= Louis Noguéra =

French opera singer

Louis Noguéra was a French bass-baritone (born in Algiers on 12 October 1910, died in Paris on 8 March 1984) who enjoyed a long career in Paris—principally at the Paris Opéra and Opéra-Comique but also elsewhere in France and abroad, and who left some recordings representative of his repertoire.

== Life and career ==
Born Louis Claver, his career commenced in 1935, as a knight in Parsifal, at the Opéra.

During his career at the Palais Garnier, Noguéra went on to sing roles such as Wagner and Valentin in Faust, the pilot in Tristan und Isolde, the Nightwatchman and Beckmesser in Die Meistersinger von Nürnberg, Apollo in Alceste (Gluck), Torello in Monna Vanna, several parts in Mârouf, savetier du Caire, Phorbas in Œdipe, Alberich in Das Rheingold, the Grand Prêtre de Moloch in Salammbô, the title role in Rigoletto, Faninal in Der Rosenkavalier, Masetto and Leporello in Don Giovanni, Papageno in The Magic Flute, Iago in Otello, and Ali in Les Indes galantes.

His debut at the Opéra-Comique came in 1945 with Escamillo in Carmen, and he took part in the premiere of Busser's Carosse du Saint Sacrement, and continued at the Salle Favart for over 20 years where his other roles included Guglielmo in Così fan tutte, Lescaut in Manon, Ourrias in Mireille and the title role in The Marriage of Figaro.

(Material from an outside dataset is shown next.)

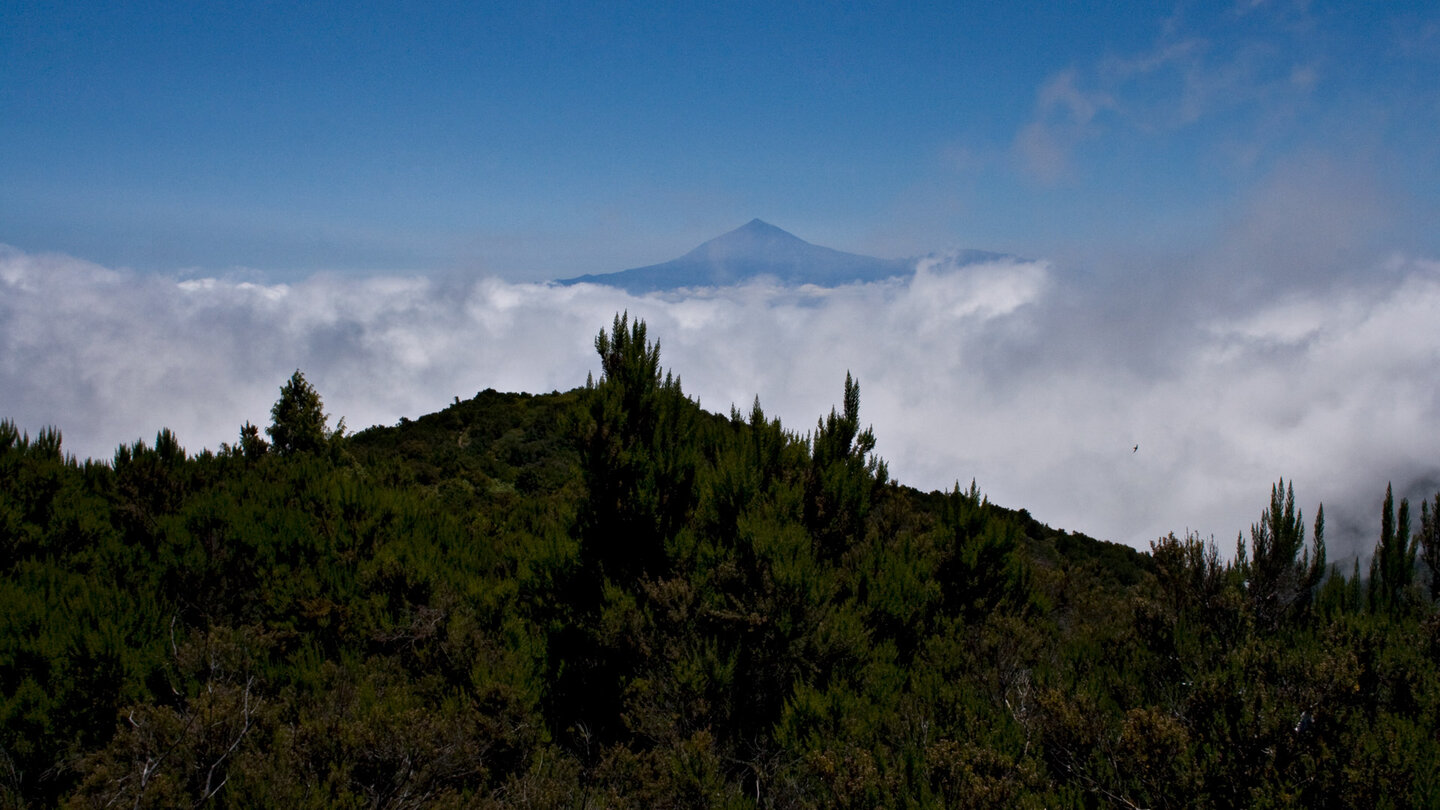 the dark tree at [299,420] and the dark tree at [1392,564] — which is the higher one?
the dark tree at [299,420]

In 1949 he appeared as Shylock in a revival of Reynaldo Hahn's Le marchand de Venise alongside Denise Duval, Jean Giraudeau, Louis Froumenty, and Huc-Santana, conducted by D.-E. Inghelbrecht. In La Basoche at Monte Carlo in 1954, he sang with Denise Duval, Nadine Renaux and Pierre Mollet, conducted by Albert Wolff. In December 1965 he was the producer of the premiere performances of La Princesse de Clèves by Jean Françaix at Rouen's Théâtre des Arts (libretto by the composer and Marc Lanjean); Genevieve Marcaux and Marcel Huylbrock played the lovers, with Jacques Jansen as the discreet husband, conducted by Pierre-Michel Le Conte.

Outside France he sang at Covent Garden in London in 1937, and in Belgium and Italy.

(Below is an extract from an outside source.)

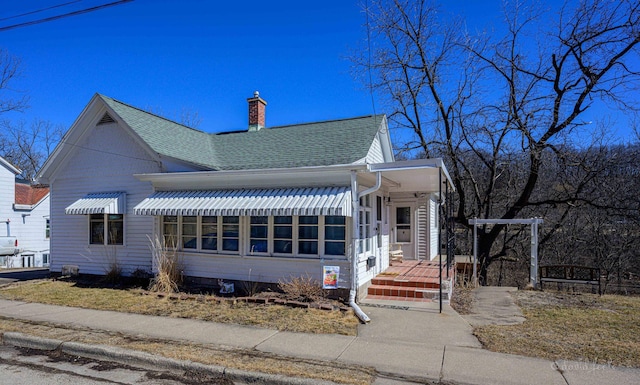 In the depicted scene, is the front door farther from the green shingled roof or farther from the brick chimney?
the brick chimney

He was professor of singing at the Conservatoire de Paris from 1955 to 1979.

== Recordings ==

Noguéra participated in recordings of baroque motets by N Bernier, M-A Charpentier, and C-H Gervais conducted by Louis Martini for Pathé in 1957.
He sang Nourabad in the complete studio recording of Les pêcheurs de perles in 1954 with Opéra-Comique forces under André Cluytens, and as Yorloff in excerpts from the same composer's Ivan IV in 1957 under Georges Tzipine. With Cluytens conducting he also took part in complete recordings of L'Enfance du Christ in 1950 for Pathé, and the Fauré Requiem, op. 48, in 1950 for Columbia.
In a complete recording (later extended highlights) from La Périchole under Igor Markevich in 1958 he sang Don Andrès.